The IRS releases total amounts donated, but to protect privacy does not provide data about the specific charities people supported. Because of discrepancies in the data for people with income below $50,000, The Chronicle’s study included only taxpayers who reported incomes of $50,000 or more. Readers can use the online edition of this report to find detailed breakdowns by income level, showing the percentage of income donated by people in various income brackets for each ZIP code.

The study found:

  • States that voted Republican in the last presidential election were far more likely to be generous to charities than those that voted Democratic. The top eight states in giving preferred John McCain over Barack Obama.
  • Utah was the No. 1 state in giving at 10.6 percent, with Salt Lake City as the most generous city. By contrast, residents in Massachusetts and three other New England states give less than 3 percent. New Hampshire, Massachusetts, Vermont, New Jersey and Rhode Island were the least-generous states.
  • California ranked No. 25 out of the 50 entries with $17.2 billion total contributions and a median contribution of $2,396.
  • Lower-income people gave a far bigger share of their income to charities than the wealthy.
  • Rich people who live in areas with mostly wealthy people gave a smaller share of their incomes than rich people in economically diverse areas.
  • Regions that are deeply religious gave more than those that are not. Two of the top 10 states—Utah and Idaho—have high numbers of Mormons, who tithe more consistently than other church members. The other states in the top 10 were all in the so-called Bible Belt.

The Chronicle website features an interactive map looking at how America gives.

-- Patch Editors David Carini and Christa Bigue contributed to this report.

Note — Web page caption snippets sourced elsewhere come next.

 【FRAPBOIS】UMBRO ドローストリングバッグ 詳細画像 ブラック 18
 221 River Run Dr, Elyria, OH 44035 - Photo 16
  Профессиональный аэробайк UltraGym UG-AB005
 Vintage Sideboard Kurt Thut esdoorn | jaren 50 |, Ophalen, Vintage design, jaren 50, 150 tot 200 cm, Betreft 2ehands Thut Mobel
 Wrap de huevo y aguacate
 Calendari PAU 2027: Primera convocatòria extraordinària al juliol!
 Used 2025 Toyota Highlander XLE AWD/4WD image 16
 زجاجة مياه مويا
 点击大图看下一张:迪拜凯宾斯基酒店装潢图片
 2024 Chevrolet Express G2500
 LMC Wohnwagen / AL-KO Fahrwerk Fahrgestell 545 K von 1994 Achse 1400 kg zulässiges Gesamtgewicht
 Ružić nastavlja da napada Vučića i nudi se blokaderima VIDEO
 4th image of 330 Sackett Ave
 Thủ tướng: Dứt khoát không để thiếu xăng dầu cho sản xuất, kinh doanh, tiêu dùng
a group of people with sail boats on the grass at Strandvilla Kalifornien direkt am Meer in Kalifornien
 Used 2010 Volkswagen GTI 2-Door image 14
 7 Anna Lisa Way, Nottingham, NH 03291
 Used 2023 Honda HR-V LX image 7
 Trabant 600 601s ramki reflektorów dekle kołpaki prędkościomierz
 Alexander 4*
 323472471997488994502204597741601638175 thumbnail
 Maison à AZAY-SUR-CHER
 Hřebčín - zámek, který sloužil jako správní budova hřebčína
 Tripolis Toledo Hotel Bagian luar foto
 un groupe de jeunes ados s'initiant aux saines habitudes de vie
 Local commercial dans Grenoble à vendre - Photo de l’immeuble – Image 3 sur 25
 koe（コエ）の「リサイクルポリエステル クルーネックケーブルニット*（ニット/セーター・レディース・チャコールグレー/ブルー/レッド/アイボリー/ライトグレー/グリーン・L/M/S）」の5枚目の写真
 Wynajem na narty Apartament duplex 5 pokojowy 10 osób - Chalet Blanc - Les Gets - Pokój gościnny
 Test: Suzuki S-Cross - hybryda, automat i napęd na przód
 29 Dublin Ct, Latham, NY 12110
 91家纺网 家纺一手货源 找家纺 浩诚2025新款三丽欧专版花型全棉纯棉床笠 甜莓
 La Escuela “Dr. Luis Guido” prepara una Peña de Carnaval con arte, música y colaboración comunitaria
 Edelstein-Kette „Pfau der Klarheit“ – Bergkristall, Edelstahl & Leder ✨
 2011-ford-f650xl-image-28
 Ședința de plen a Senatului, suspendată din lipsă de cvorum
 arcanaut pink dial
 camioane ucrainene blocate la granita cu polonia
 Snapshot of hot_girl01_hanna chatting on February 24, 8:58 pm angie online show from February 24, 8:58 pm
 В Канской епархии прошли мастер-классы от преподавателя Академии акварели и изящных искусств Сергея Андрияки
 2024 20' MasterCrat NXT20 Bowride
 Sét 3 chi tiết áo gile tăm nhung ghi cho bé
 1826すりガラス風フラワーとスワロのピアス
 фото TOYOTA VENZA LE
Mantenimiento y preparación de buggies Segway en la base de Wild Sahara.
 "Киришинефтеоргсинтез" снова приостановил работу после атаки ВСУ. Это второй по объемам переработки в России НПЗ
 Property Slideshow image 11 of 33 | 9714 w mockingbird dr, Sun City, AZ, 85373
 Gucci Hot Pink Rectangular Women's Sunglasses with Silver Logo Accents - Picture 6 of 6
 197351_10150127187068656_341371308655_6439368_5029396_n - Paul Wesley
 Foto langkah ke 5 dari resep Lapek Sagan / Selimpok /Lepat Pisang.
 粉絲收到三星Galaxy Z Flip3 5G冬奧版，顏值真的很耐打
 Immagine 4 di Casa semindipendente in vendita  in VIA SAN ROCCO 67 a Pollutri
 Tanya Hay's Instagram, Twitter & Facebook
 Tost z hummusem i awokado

Green Mavin August 28, 2012 at 04:06 PM
Perhaps Aliso Viejo residents give more, but are so charitable that they do not report it to the IRS for a deduction. Did you consider that?
Charles August 28, 2012 at 10:32 PM
Those folks are balanced by those (of us) who report more charitable donations (without receipts) to the IRS than we really give.
Capo Parent Too August 29, 2012 at 02:21 AM
Of course states like Utah show high charitable giving because they TITHE and Churches are lumped together as charitable organizations. There is a large Mormon population in Utah. Giving to your Church goes to running the Church etc. and may not go to actually feeding the hungry, clothing people etc. Is there anything wrong with giving to your Church, of course not, but it will tip the scale in favor of Republicans who tend to be Christian. Just wanted to point this out. So how do we define Charitable giving?
Charles August 29, 2012 at 02:33 AM
"Is there anything wrong with giving to your Church" I suppose it depends on what "wrong" means. If "wrong" means wasting (your) money, then yes, there is something wrong. If "wrong" means giving to the church in order to score points with whatever god you believe in, then yes, that selfish act might be wrong.
Capo Parent Too August 29, 2012 at 02:42 AM
"A look at how faith impacts charitable giving. More religious states had higher rates of giving, but when donations to religious institutions were stripped out, non-religious states moved up in the ranks." Second chart points this out.